Repeat the data that follows exactly, starting at the line with "Buy canvas prints" and ending at the line with "2 AVIATOR SUNGLASSES;", and leave out every picture.

MATERIAL PROVIDED:
=== Begin Enclosure ===

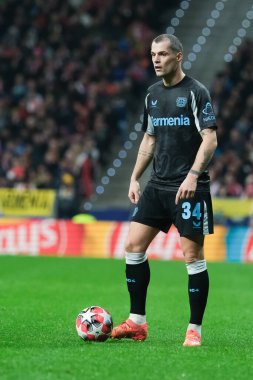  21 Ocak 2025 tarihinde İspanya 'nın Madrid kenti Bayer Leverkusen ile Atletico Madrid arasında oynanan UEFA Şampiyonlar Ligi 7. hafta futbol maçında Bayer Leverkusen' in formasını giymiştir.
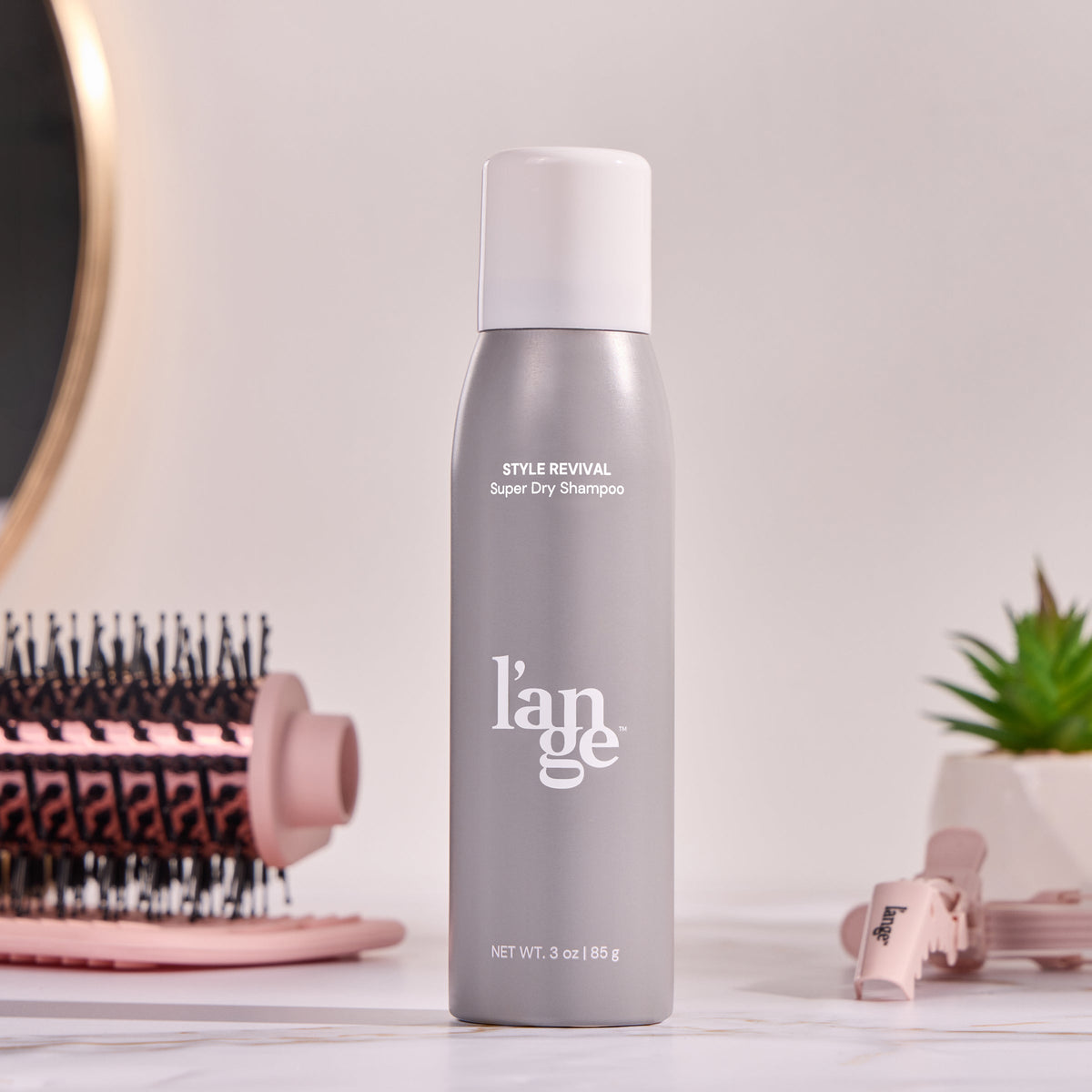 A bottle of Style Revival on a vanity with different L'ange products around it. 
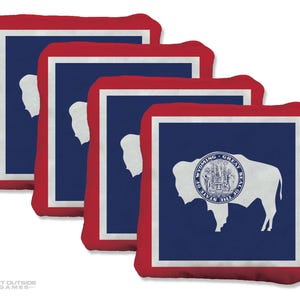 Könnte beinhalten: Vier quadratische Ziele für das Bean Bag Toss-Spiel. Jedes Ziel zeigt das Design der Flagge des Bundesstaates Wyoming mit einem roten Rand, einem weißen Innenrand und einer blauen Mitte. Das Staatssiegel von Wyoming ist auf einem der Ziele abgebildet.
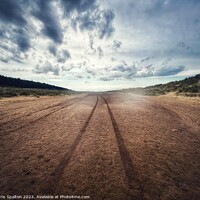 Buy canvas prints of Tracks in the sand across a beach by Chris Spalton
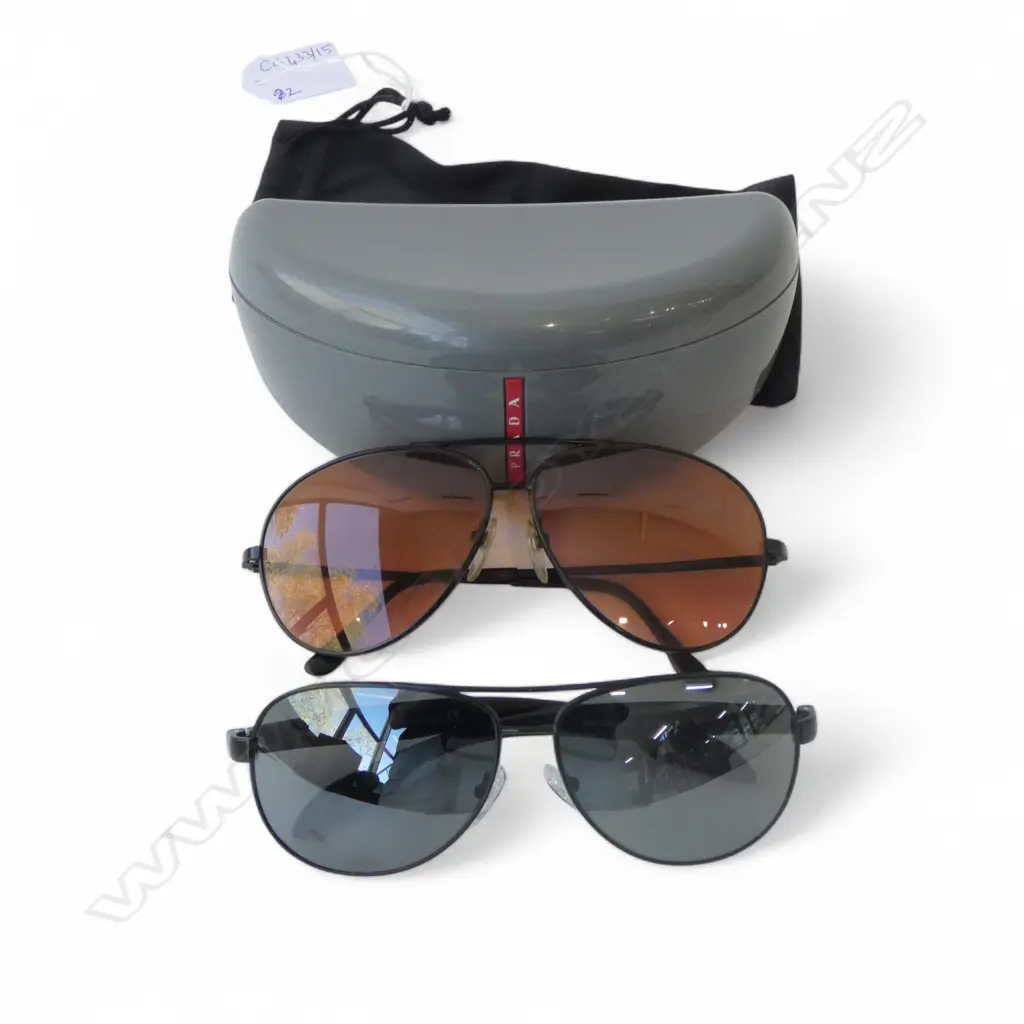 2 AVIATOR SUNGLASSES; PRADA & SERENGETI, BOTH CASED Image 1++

=== End Enclosure ===
=== Begin Enclosure ===

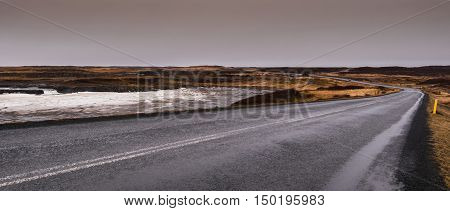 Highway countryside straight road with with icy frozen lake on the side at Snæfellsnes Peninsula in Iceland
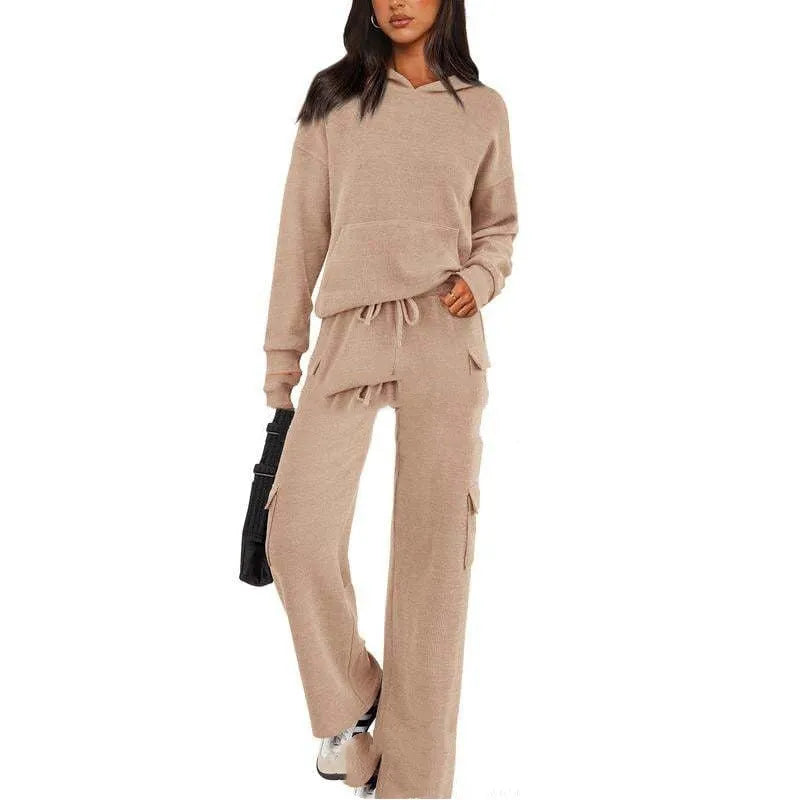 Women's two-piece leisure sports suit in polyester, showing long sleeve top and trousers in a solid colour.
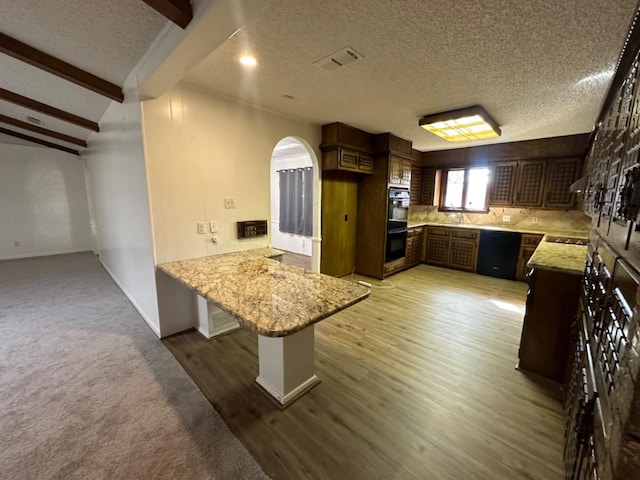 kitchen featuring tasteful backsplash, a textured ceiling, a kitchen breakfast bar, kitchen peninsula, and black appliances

=== End Enclosure ===

SOLVED EXERCISE:
 Buy canvas prints of Tracks in the sand across a beach by Chris Spalton
 2 AVIATOR SUNGLASSES; PRADA & SERENGETI, BOTH CASED Image 1++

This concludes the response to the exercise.